[ASSIGNMENT] Repeat exactly the lines from the start of the entries below through the line containing "Background with a". Omit the rest.

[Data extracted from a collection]

+===+

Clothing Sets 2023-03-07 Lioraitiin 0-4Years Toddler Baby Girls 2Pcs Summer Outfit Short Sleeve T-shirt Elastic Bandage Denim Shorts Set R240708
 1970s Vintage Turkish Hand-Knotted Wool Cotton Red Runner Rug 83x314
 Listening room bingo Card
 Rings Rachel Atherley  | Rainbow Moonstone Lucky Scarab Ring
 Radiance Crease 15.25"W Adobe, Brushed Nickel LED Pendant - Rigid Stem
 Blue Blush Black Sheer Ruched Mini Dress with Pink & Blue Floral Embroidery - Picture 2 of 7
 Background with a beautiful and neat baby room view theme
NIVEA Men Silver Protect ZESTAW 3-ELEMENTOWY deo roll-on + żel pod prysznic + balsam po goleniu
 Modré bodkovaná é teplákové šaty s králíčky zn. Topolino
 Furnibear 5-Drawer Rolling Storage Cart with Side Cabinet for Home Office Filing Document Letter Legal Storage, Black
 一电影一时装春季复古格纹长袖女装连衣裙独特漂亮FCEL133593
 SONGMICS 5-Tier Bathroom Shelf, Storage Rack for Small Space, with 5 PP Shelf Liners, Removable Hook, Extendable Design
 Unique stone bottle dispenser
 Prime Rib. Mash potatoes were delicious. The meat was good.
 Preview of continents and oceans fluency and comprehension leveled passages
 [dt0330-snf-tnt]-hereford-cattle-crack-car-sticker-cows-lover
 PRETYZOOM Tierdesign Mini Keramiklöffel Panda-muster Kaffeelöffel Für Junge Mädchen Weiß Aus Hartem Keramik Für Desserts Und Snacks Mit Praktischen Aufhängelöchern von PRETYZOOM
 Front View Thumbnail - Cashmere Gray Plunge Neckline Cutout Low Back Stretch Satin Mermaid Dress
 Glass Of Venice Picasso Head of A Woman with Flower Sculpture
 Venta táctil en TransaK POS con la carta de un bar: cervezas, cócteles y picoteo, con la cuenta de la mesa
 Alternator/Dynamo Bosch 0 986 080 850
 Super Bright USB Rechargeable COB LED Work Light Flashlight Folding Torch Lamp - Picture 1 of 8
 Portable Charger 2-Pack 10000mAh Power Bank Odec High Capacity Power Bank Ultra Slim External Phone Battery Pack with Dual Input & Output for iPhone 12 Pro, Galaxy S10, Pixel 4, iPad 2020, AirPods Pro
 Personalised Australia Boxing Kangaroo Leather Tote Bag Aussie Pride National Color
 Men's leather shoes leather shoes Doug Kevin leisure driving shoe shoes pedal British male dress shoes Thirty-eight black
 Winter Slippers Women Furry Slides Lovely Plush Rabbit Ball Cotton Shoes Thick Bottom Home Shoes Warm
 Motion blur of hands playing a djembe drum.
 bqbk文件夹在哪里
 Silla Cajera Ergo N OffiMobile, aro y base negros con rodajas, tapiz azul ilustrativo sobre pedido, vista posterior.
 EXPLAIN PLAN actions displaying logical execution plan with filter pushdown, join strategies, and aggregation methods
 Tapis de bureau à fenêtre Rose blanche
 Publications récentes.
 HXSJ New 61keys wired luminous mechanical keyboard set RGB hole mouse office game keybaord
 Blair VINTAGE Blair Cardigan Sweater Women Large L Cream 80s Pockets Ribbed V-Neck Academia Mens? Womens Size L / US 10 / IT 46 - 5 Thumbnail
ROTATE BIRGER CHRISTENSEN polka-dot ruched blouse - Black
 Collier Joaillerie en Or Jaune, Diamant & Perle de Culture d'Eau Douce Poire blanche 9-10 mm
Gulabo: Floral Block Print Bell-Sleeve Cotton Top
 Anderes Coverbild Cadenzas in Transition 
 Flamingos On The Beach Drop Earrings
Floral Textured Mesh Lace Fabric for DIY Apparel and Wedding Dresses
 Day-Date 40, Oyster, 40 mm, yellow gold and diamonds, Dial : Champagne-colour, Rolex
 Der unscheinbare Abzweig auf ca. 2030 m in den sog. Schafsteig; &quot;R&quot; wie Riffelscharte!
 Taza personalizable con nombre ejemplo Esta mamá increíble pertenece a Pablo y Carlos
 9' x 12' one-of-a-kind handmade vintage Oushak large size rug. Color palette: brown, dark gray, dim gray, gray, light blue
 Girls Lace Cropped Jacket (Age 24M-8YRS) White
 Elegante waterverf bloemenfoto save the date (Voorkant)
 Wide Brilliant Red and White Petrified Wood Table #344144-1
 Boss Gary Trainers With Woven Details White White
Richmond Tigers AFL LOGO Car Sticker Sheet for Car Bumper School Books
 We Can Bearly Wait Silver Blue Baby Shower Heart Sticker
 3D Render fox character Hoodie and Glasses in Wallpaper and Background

+===+

[RESPONSE TO THIS EXERCISE]
Clothing Sets 2023-03-07 Lioraitiin 0-4Years Toddler Baby Girls 2Pcs Summer Outfit Short Sleeve T-shirt Elastic Bandage Denim Shorts Set R240708
 1970s Vintage Turkish Hand-Knotted Wool Cotton Red Runner Rug 83x314
 Listening room bingo Card
 Rings Rachel Atherley  | Rainbow Moonstone Lucky Scarab Ring
 Radiance Crease 15.25"W Adobe, Brushed Nickel LED Pendant - Rigid Stem
 Blue Blush Black Sheer Ruched Mini Dress with Pink & Blue Floral Embroidery - Picture 2 of 7
 Background with a beautiful and neat baby room view theme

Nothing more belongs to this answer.